Tetapi puasa bukan sekadar menahan lapar dan haus. Ia juga merupakan
usaha untuk menahan diri dari segala dorongan untuk melakukan tindakan
yang merusak.
Demikianlah, kita mendapati suatu pelajaran
berharga dari ibadah puasa di bulan Ramadhan, yaitu sebuah latihan atau
training untuk menjadi manusia yang mampu mengendalikan diri. Sehingga
setelah bulan Ramadhan berlalu, kita telah siap menghadapi tantangan
hidup yang nyata yang salah satu aspek penting yang dibutuhkan adalah
kemampuan mengendalikan diri. Manusia yang mampu mengendalikan diri,
adalah manusia yang mampu berpandangan jauh ke depan, yaitu sanggup
menunda kenikmatan jasmani yang bersifat sesaat atau sementara, dalam
rangka investasi atau menanam saham kenikmatan yang lebih agung dan
sejati di masa depan. Manusia sebenarnya sudah tahu bahwa hal-hal yang
bersifat jasmani itu tak akan kekal, tetapi anehnya dorongan manusia
untuk memenuhi kebutuhan jasmaninya seringkali menjadi hal yang utama.
Sehingga nabi Muhammad menyindir mereka dengan sindiran yang keras:
“Akan datang suatu zaman yang dihadapi oleh manusia, di mana perhatian
mereka adalah perut-perut mereka (makan & minum dengan lezatnya);
ukuran kemuliaan mereka adalah harta-harta atau materi; kiblat mereka
adalah seks, dan agama mereka (yang disanjung-sanjung dan diutamakan
oleh mereka) adalah kekayaan harta emas dan perak. Mereka itu adalah
sejelek-jelek makhluq dan mereka tidak akan memperoleh keuntungan dan
kebahagiaan di sisi Allah swt”
Apa yang diucapkan oleh Nabi di
atas sekarang menjadi kenyataan. Kalau kita mau mengamati dengan cermat
mengapa di negeri kita masih saja terjadi berbagai persoalan rumit, maka
akar persoalan dari semua itu adalah pandangan yang sempit dan
ketidakmampuan menahan diri. Terutama yang dilakukan oleh mereka yang
memegang kekuasaan. Karena nafsu serakah, tanpa memperhatikan bahwa
perbuatan curang terhadap negara akan merugikan masyarakat secara luas,
banyak para penguasa yang mencuri kekayaan negara. Banyaknya kasus
remaja yang melakukan tindakan layaknya suami istri padahal mereka belum
diikat oleh ikatan pernikahan, disebabkan karena pandangan yang sempit
dan sesaat untuk memenuhi bisikan nafsu hayawaniyah yang ada pada diri
mereka; banyaknya fakir miskin yang kurang mendapat perhatian dan
kepedulian dari para aghniya’. Ini juga disebabkan karena rakusnya
orang-orang kaya terhadap harta, mereka kikir dan tak mau peduli
terhadap pemecahan problema sosial. Puasa memberikan penyadaran kepada
kita untuk menahan diri dari hal-hal yang sifatnya sementara. Kalau para
penguasa mau menahan diri dari perbuatan curangnya, dan mau menyadari
bahwa kekayaan negara adalah untuk semua warga negara, bukan untuk diri
pribadi, Insya Allah krisis yang kita alami akan berangsur menghilang.

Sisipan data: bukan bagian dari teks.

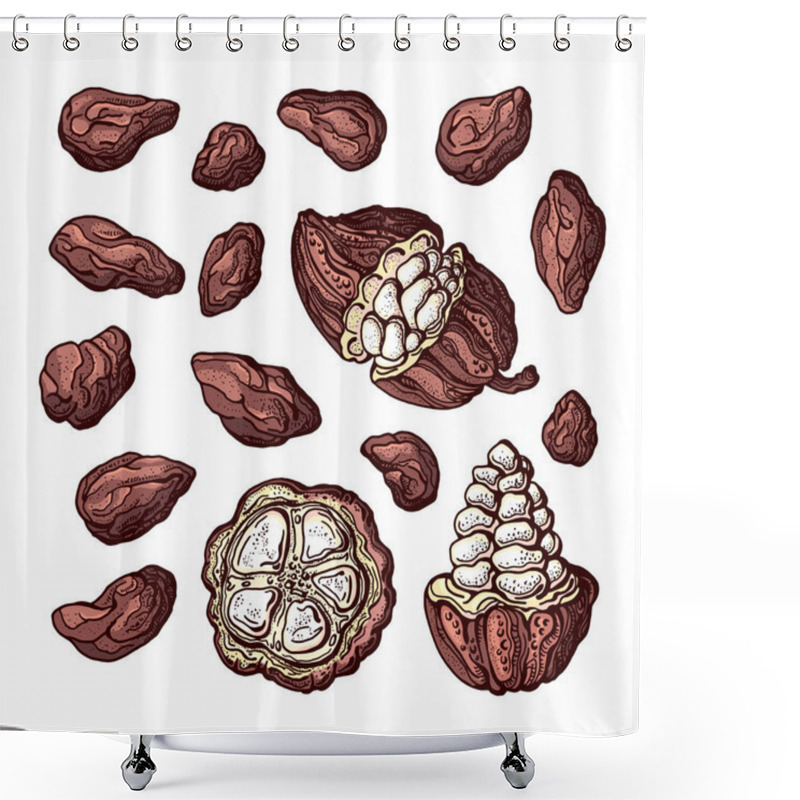 Personality  Cocoa Set. Vector Ingredient. Bean, Fruit In Cut  Shower Curtains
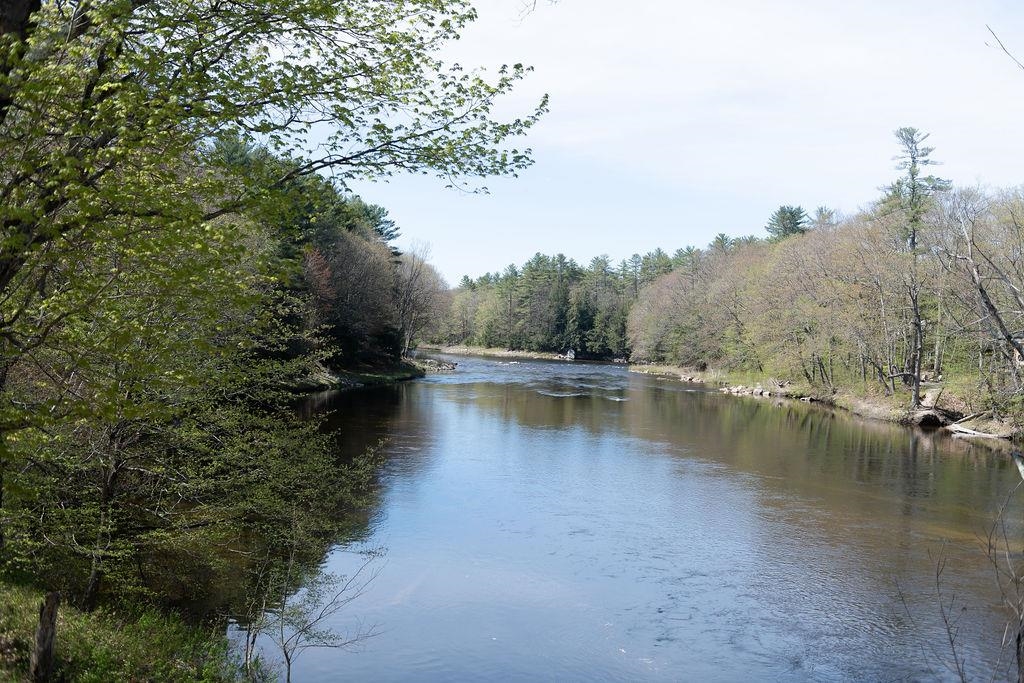 25 Partridge Knoll Road Campton, NH 03223 - Photo 20 of 22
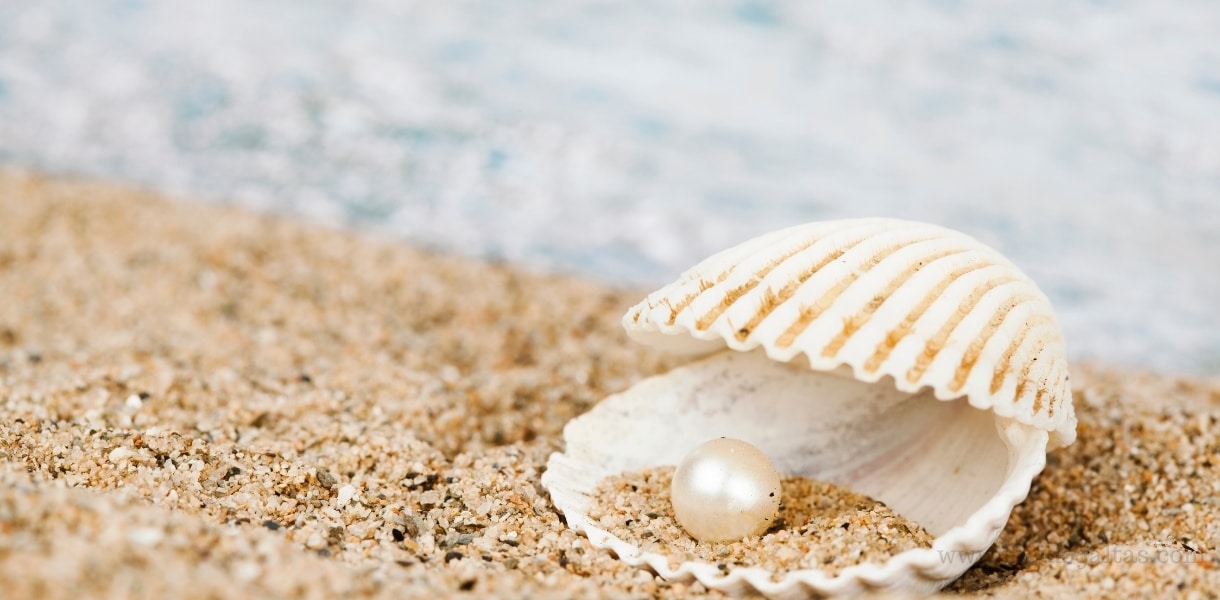 Dogal İnci Nedir Ozellikleri Anlami Faydalari Fiyatlari Ve Kullanimi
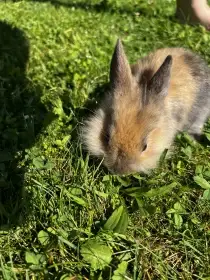 Králíci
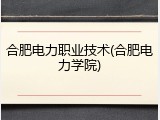 合肥电力职业技术(合肥电力学院)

Kalau para remaja mau menahan diri dari memperturutkan nafsu
hayawaniyah, niscaya masa depan mereka akan lebih baik dan beradab, dan
mereka tidak direpoti oleh urusan-urusan yang belum waktunya mereka
urus. Kalau orang kaya sanggup menahan nafsu serakahnya dan sadar bahwa
dalam harta di genggamannya terdapat hak fakir miskin, niscaya
ketimpangan sosial tidak menjadi kian parah. Kalau orang kaya sanggup
menomorduakan sifat kikirnya, maka segala kegiatan untuk kebaikan umat
Islam, tak akan sampai kesulitan dalam soal pendanaan. Apa yang telah
diuraikan tadi membuktikan betapa pentingnya pengendalian diri. Puasa
ramadhan yang sedang kita laksanakan memberikan pembelajaran yang
demikian.
Pengendalian diri dan hidup sukses.
Agar kita
lebih mantap dalam menghayati pentingnya pengendalian diri, marilah kita
lihat sebuah bukti dari hasil penelitian yang dilakukan di Amerika
Serikat. Sebuah percobaan penting pernah dilakukan di Stanford
University pada tahun 1960-an, dimana anak-anak pra sekolah yang berusia
4 tahun dites kemampuannya untuk menahan godaan. Oleh penguji, sekotak
marsmellow (manisan) diletakkan di dalam ruangan di mana anak-anak itu
berada, lalu penguji itu meninggalkan mereka. Kepada anak-anak itu
diberitahu bahwa mereka boleh segera mengambilnya sebuah. Namun jika
mereka mau menunggu sampai penguji datang kembali, mereka boleh
mengambil dua manisan sekaligus. Banyak di antara anak-anak tersebut
yang segera mengambil satu dan memakannya, namun ada beberapa anak yang
bersedia menunggu untuk memperoleh dua manisan. Anak-anak tersebut
diikuti perkembangannya sampai mereka berusia 14 tahun, untuk melihat
bagaimana mereka menjalani hidup. Anak-anak yang mampu menahan godaan
pada usia 4 tahun, pada saat mereka remaja ternyata memiliki kecakapan
sosial seperti orang dewasa, yaitu secara pribadi lebih matang, tegas,
dan lebih mampu menghadapi frustrasi (perasaan putus asa). Namun
sepertiga atau lebih dari mereka yang tergoda untuk mengambil manisan
pada kesempatan pertama, cenderung memiliki kualitas pribadi yang lebih
rendah dan secara kejiwaan mereka relatif lebih bandel. Yang lebih
menakjubkan, mereka yang pada usia 4 tahun mau menunggu secara sabar,
akhirnya tumbuh menjadi siswa yang lebih unggul dari anak-anak lain.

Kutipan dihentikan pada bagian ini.